__What you have to do__. What you return should match the data word for word, minus the images.

───── Information shown ─────

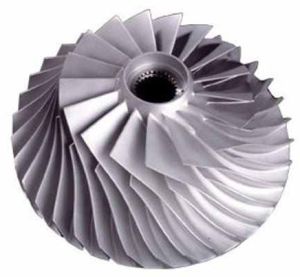 Stainless Steel Semiclosed Turbine Pump Impeller
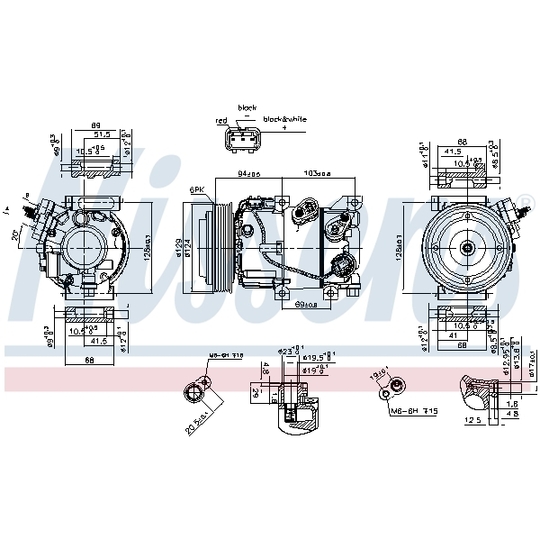 890229 - Compressor, air conditioning 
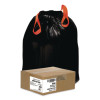 Heavy-Duty Trash Bags, Drawstring, 30 Gal, 1.2 Mil, 30.5" x 33", Black, 25 Bags/Roll, 8 Rolls/Box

─────

__Answer box__.
 Stainless Steel Semiclosed Turbine Pump Impeller
 890229 - Compressor, air conditioning 
 Heavy-Duty Trash Bags, Drawstring, 30 Gal, 1.2 Mil, 30.5" x 33", Black, 25 Bags/Roll, 8 Rolls/Box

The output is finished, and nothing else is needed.